MILLBURY, Mass. — Speaking about meeting future Hall of Fame quarterback Tom Brady for the first time, Patriots owner Robert Kraft said, “I still have the image of Tom Brady coming down the old Foxboro Stadium steps with that pizza box under his arm, a skinny beanpole and when he introduced himself to me and said, ‘Hi Mr. Kraft.’ He was about to introduce himself and I said, ‘I know who you are; you’re Tom Brady our sixth-round draft choice.’ And he looked me in the eye and said, ‘I’m the best decision this organization has ever made.’

Author Sean Glennon was a visitor to a very packed Barnes and Noble at the Shoppes at Blackstone Valley in Millbury on a cold and rainy Saturday afternoon. Glennon was autographing copies of his latest book “Tom Brady vs the NFL, The Case For Football’s Greatest Quarterback”.

Glennon spoke PatsFans about his fourth book and his thoughts about the work that goes into such an undertaking. Unlike his other books on the Patriots, this time the Kraft Group didn’t speak with Glennon nor did Brady, Bill  Belichick or any of the players on the team.
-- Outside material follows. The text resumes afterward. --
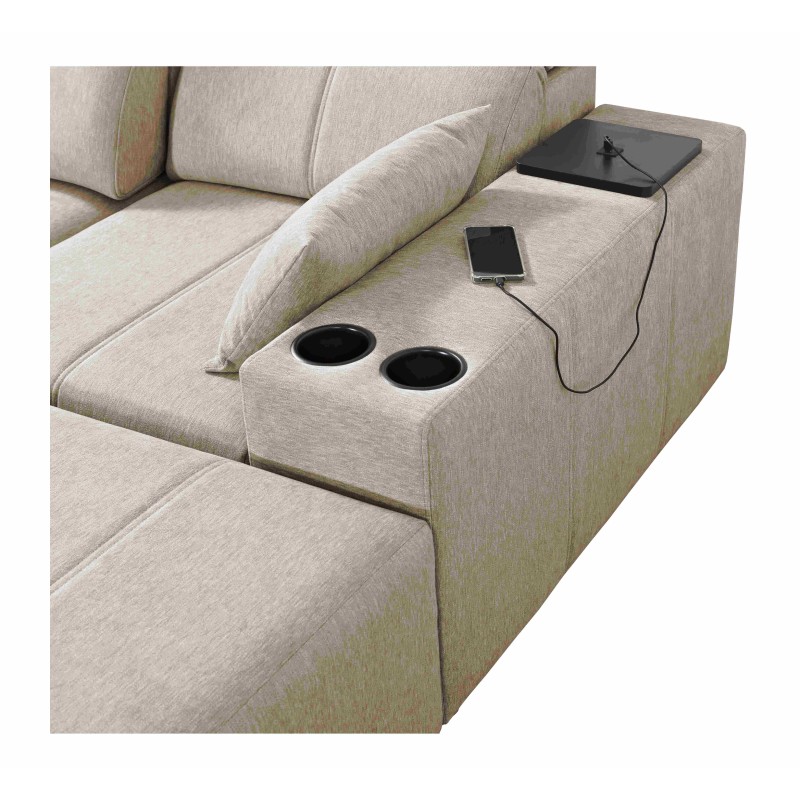 Milano I corner sofa with a sleeping function in Plecionka fabric, Verita 54 – elegance and functionality in one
Sean Glennon at his book signing at the Barnes and Noble in Millbury on Saturday. (Steve Balestrieri photo) Sean Glennon at his book signing at the Barnes and Noble in Millbury on Saturday. (Steve Balestrieri photo)

“I think with Tom still playing,” Glennon explained, “they probably felt that now wasn’t the time to promote Brady as the best ever and may possibly put a bulls-eye on his back. Even though Robert Kraft has said as much this season in interviews,” he added.Glennon has written several books about the Patriots, including Game Changers: The Greatest Plays in New England Patriots History, The Good, the Bad and the Ugly: New England Patriots, and This Pats Year: A Trek Through a Season as a Football Fan. This book Glennon said, was definitely the most difficult.

“I love stats,” he said, “and with a book like this, you need stats to back-up your premise. However,” he added, “it can’t just be all stats or no one will read it. So there had to be stats followed up by enough narrative to make your argument,” Glennon said.

“I had to wear two hats,” he explained. “At times the narrative guy hated the stats guy in me, and at others, the stats guy hated the narrative guy.” It was a long time consuming effort Glennon admitted, with at least 18 months elapsed from start to finish.

The most difficult chapter was the final one where he did his comparison between Brady and Joe Montana, “I breathed a huge sigh of relief when this book was finally done,” he admitted. “It was quite an undertaking and I think a worthy one.”

Glennon’s book can be found on Amazon.com and his own website and of course at Barnes and Noble.